'SITI', Ironi Hidup dalam Bingkai Hitam Putih

Tika Anggreni Purba

Penulis

'SITI', Ironi Hidup dalam Bingkai Hitam Putih

Intisari-Online.comSITI adalah film independen Indonesia yang pertama kali tayang tahun 2014. Film besutan sutradara Eddie Cahyono ini baru ditayangkan di bioskop Indonesia di tahun ini setelah memenangkan penghargaan sebagai Film Terbaik di Festival Film Indonesia 2015. Melihat SITIberarti kita melihat sebuah ironi yang terbingkai dalam hitam putih.

Film yang berdurasi 88 menit ini mengisahkan secuil potret kemiskinan sebuah keluarga kecil di Yogyakarta. Adalah Siti yang diperankan oleh Sekar Sari, seorang penjual peyek jingking di Pantai Parangtritis, Bantul, Yogyakarta.
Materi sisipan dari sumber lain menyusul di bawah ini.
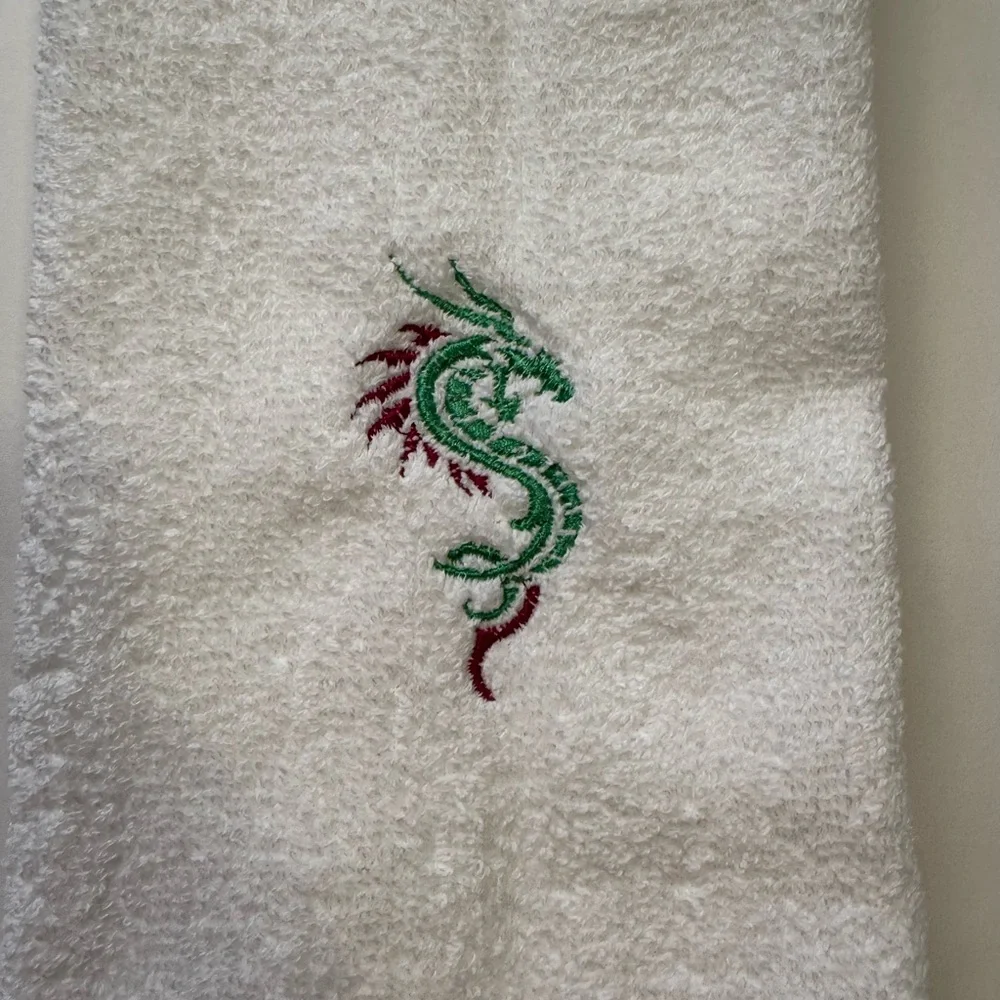 Mahjong Embroidered Dragon Hand Towel Hostess Gift Mahj Decor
Situasi hidup semakin tak keruan karena suaminya Bagus (Ibnu Widodo) mengalami kecelakaan yang menyebabkan ia lumpuh sekaligus kehilangan kapal sederhana yang masih belum lunas pembayarannya.

Jadilah Siti harus mencari uang untuk melunasi utang kapal. Ia kemudian bekerja sebagai pemandu karaoke di salah satu tempat karaoke ilegal. Sejak itu, suaminya yang lumpuh marah padanya sehingga ia enggan berbicara. Situasi ini membuat Siti semakin kalut dan kesal pada Bagus. Di tengah kekesalannya pada Bagus, Siti bertemu Gatot (Haydar Saliz) salah seorang polisi yang turut melakukan penggerebekan di karaoke tempat Siti bekerja. Mereka pun memadu kasih. Hubungan gelap ini bahkan disetujui oleh teman-teman siti sesama pemandu karaoke.

Adegan demi adegan dalam film ini menyampaikan emosi Siti, seorang perempuan miskin yang mulai marah dengan kehidupan. Teknik sinematografi dengan adegan panjang tanpa putus menonjolkan mimik dan emosi Siti. Kehadiran peran pendukung juga membuat keseluruhan film ini lengkap. Uniknya, film ini seluruhnya ditayangkan tanpa warna atau hitam putih saja. Selain itu, hampir seluruh dialog menggunakan bahasa Jawa.

Film Siti memang sangat kuat berbicara untuk menggambarkan fenomena kehidupan yang nyata. Kisahnya tidak klise, karena dengan jujur menyampaikan betapa terbatasnya kehidupan seorang Siti di tengah berbagai situasi yang menimpanya. Ironis, memang.